- Your assignment
Write every entry out again exactly, please, and skip the pictures.

········

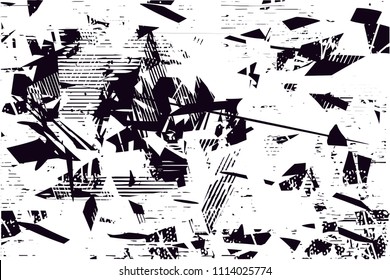 Distressed background in black and white texture with  dark spots, scratches and lines. Abstract vector illustration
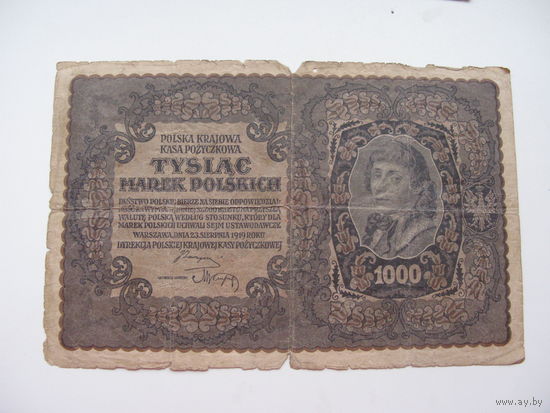 Польша 1000 марок 1919 ( III серия 2 буквы )
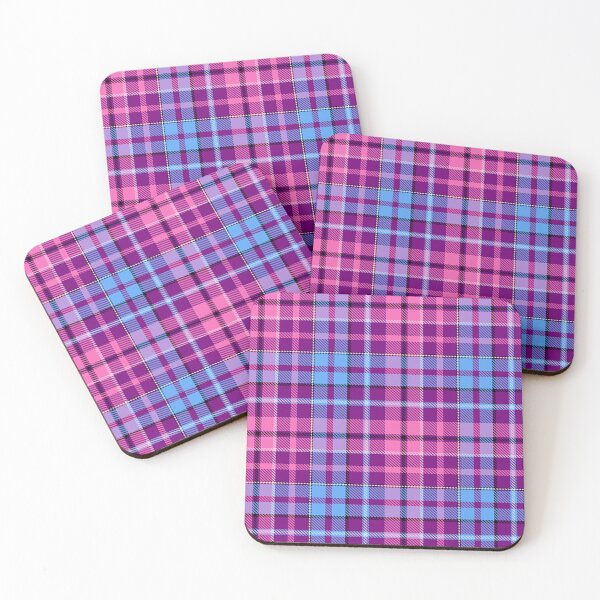 Item preview, Blue and Pink Tartan Plaid On Purple Background  designed and sold by PatternTitan.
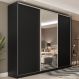 Image of Guarda-Roupa Casal com 1 Espelho Belluno 3 Portas 3 Gavetas Preto RR985CL65BSKMOB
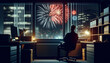 Serene Office Moment Watching New Year's Fireworks
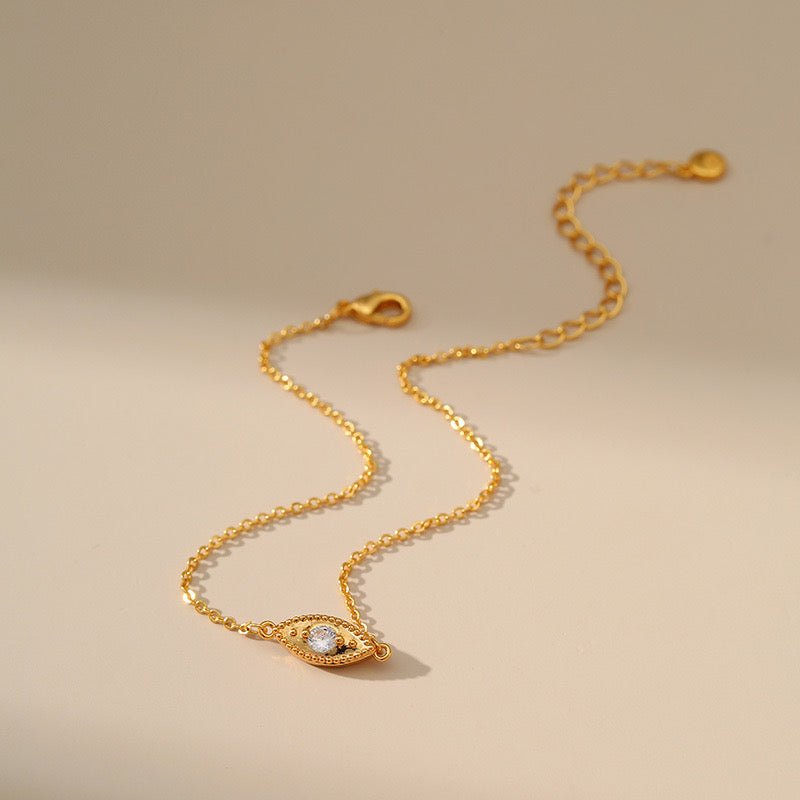 Bracelet Cheville Mauvais Œil Plaqué Or – Protection Égyptienne - Biloria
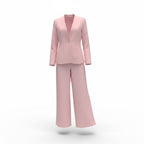 Pink Long-Sleeved Blazer and Pants Suit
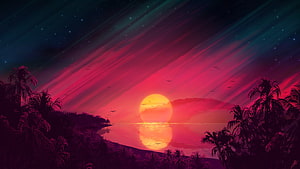Neon Tropical Sunset Over Calm Water With Silhouetted Palm Trees and Starry Sky HD wallpaper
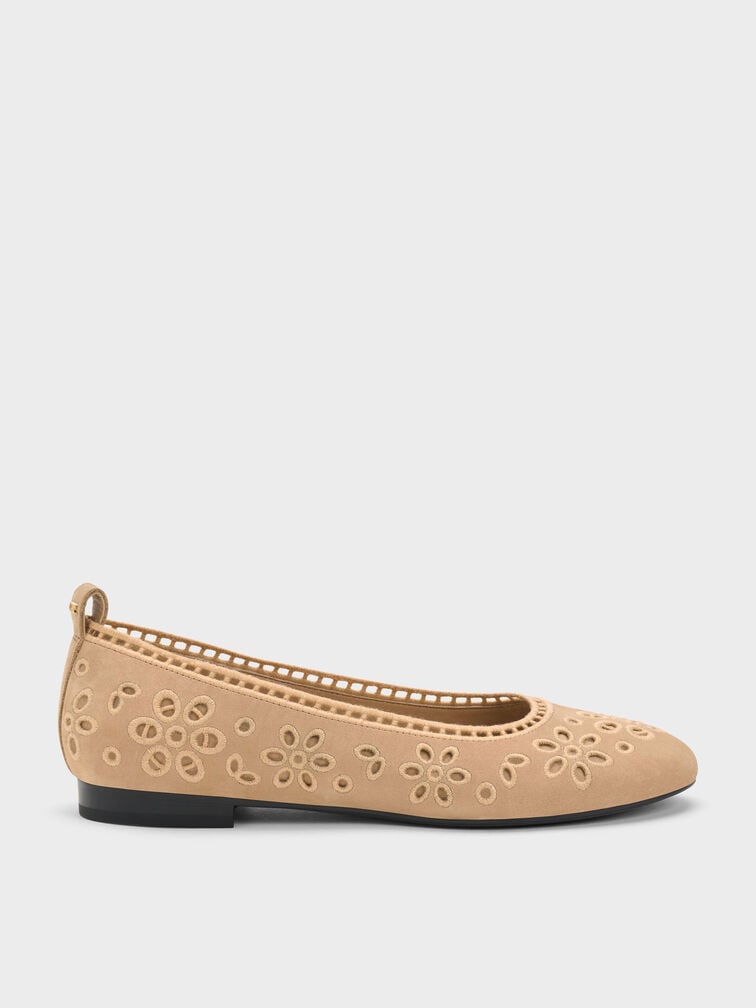 Sepatu Flats Ballet Embroidered Leather, Beige, hi-res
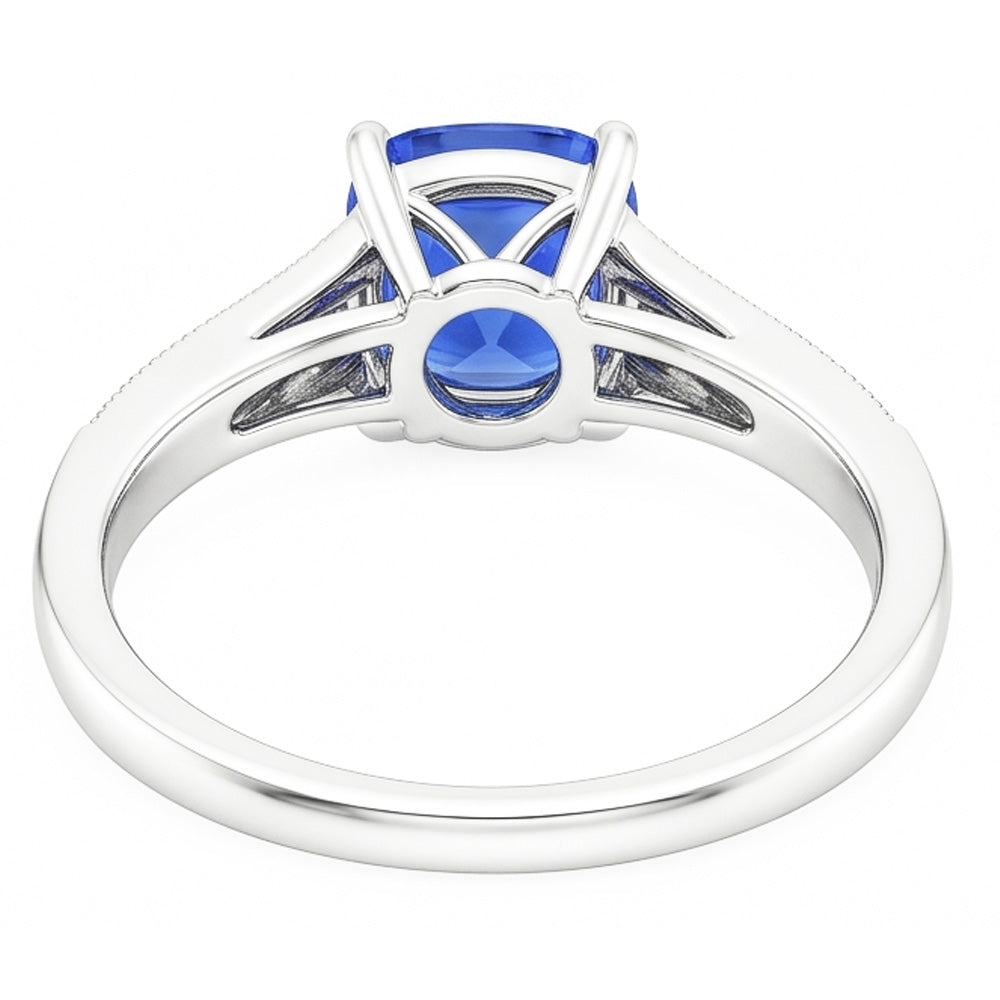 Natural Sapphire Ring 2.50ct - White Gold 14K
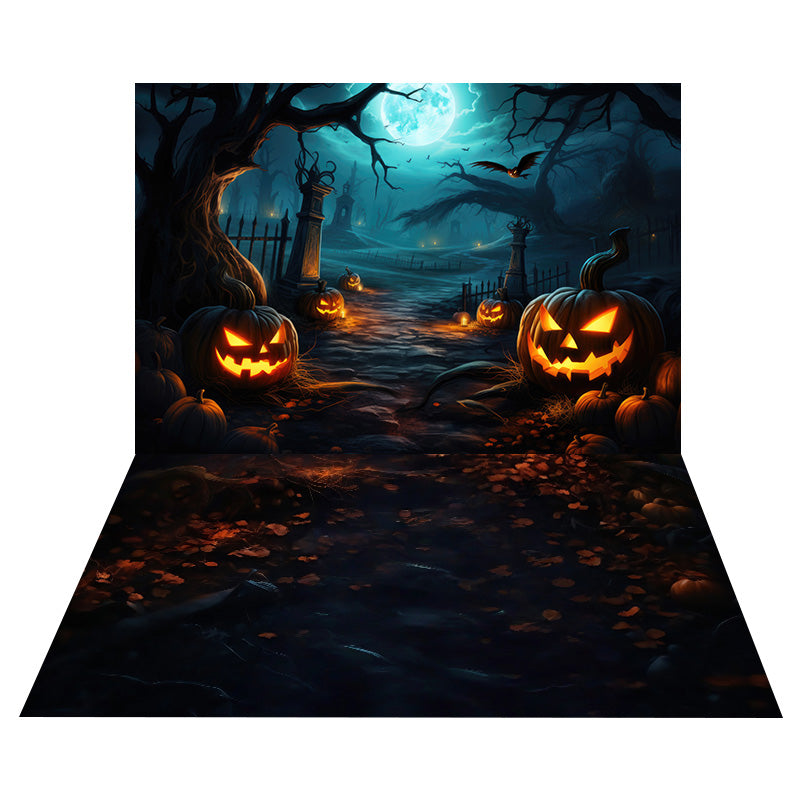 Kürbis-Mond-Friedhof-Foto Hintergrund+Blattdunkel-Boden-Foto Hintergrund MRR8-143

········

- Completed task
 Distressed background in black and white texture with  dark spots, scratches and lines. Abstract vector illustration
 Польша 1000 марок 1919 ( III серия 2 буквы )
 Item preview, Blue and Pink Tartan Plaid On Purple Background  designed and sold by PatternTitan.
 Image of Guarda-Roupa Casal com 1 Espelho Belluno 3 Portas 3 Gavetas Preto RR985CL65BSKMOB
 Serene Office Moment Watching New Year's Fireworks
 Bracelet Cheville Mauvais Œil Plaqué Or – Protection Égyptienne - Biloria
 Pink Long-Sleeved Blazer and Pants Suit
Neon Tropical Sunset Over Calm Water With Silhouetted Palm Trees and Starry Sky HD wallpaper
 Sepatu Flats Ballet Embroidered Leather, Beige, hi-res
 Natural Sapphire Ring 2.50ct - White Gold 14K
 Kürbis-Mond-Friedhof-Foto Hintergrund+Blattdunkel-Boden-Foto Hintergrund MRR8-143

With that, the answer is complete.